DATA EXCERPT:
- - - - - - -

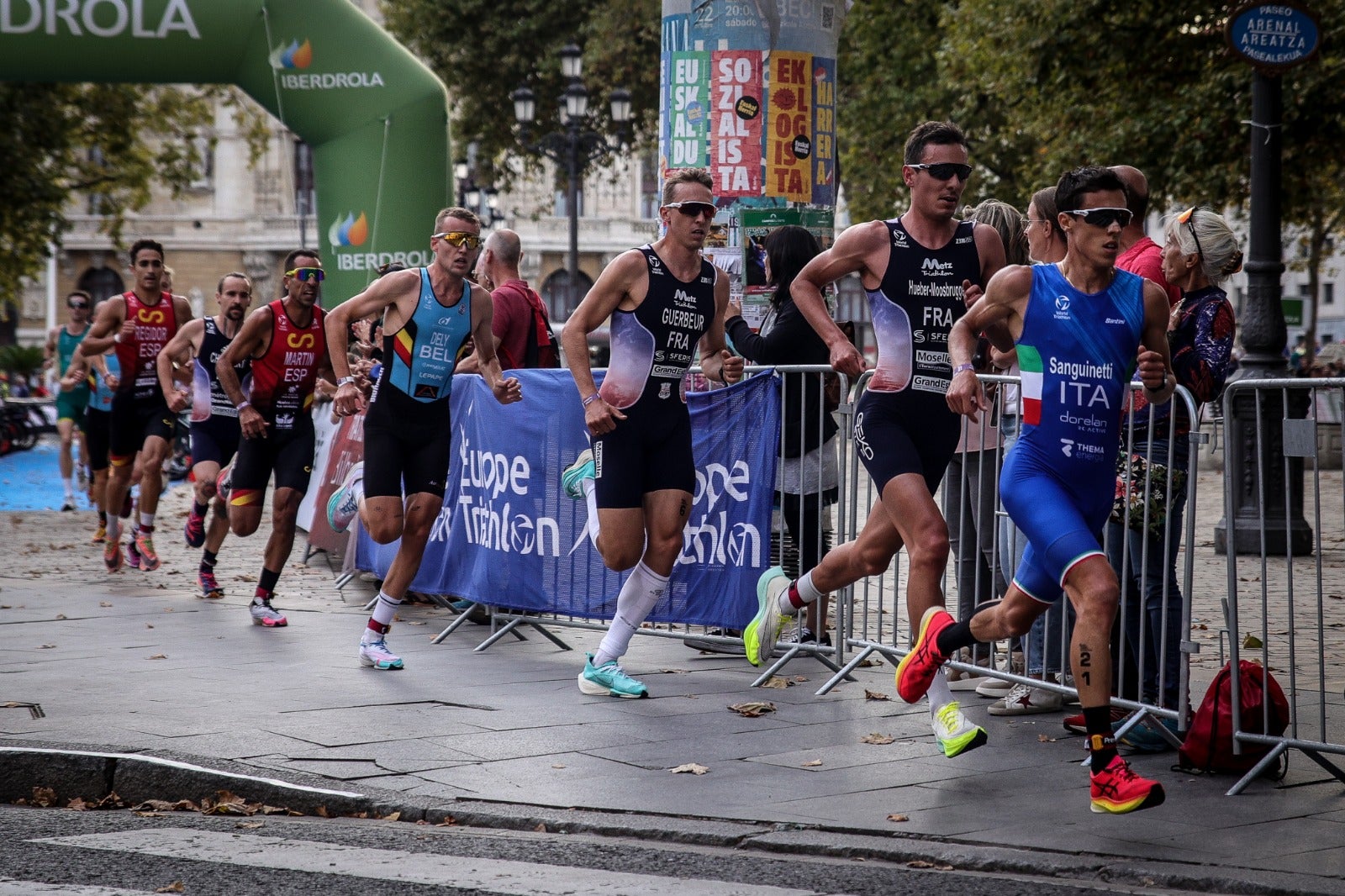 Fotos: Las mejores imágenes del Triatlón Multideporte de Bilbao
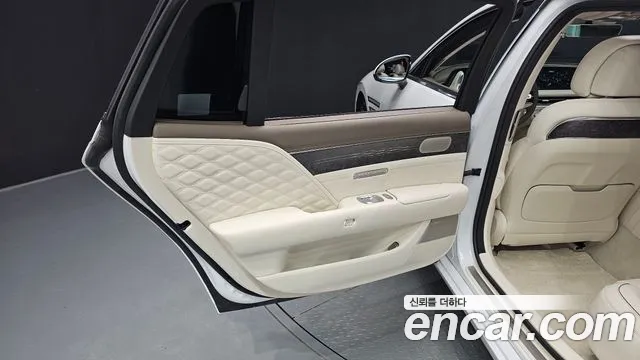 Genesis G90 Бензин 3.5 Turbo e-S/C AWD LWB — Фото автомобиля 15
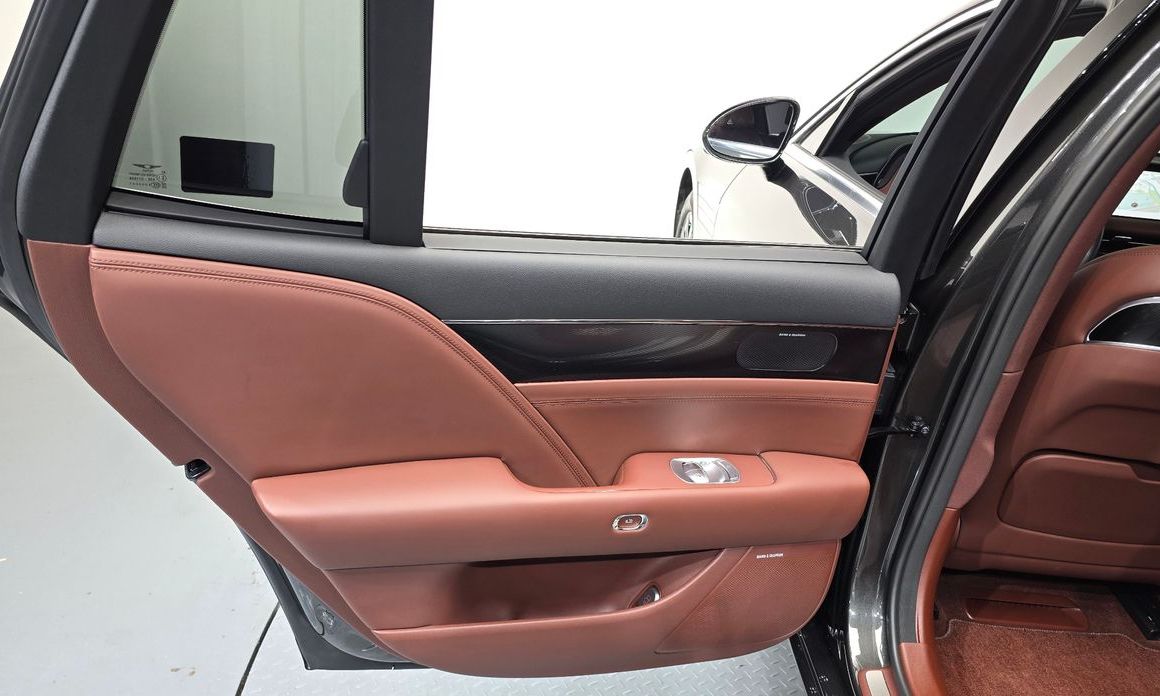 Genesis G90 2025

- - - - - - -

WHAT YOU SHOULD DO: All of the listing should be transcribed exactly, but none of its images.

EXPECTED ANSWER:
 Fotos: Las mejores imágenes del Triatlón Multideporte de Bilbao
 Genesis G90 Бензин 3.5 Turbo e-S/C AWD LWB — Фото автомобиля 15
 Genesis G90 2025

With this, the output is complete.